**Exercise material**
________
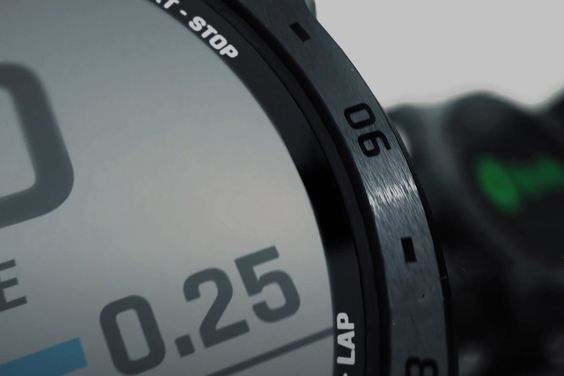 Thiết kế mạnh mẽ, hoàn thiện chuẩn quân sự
________
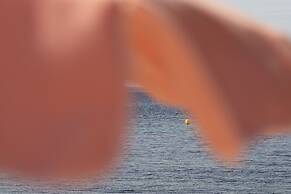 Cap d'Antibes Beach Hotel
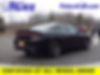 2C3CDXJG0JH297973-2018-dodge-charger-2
________
**What to produce**
The lines above from the line with "Cap d'Antibes Beach Hotel" through the line with "2C3CDXJG0JH297973-2018-dodge-charger-2" are to be given again word for word, with no pictures among them.

**Task solution**
 Cap d'Antibes Beach Hotel
 2C3CDXJG0JH297973-2018-dodge-charger-2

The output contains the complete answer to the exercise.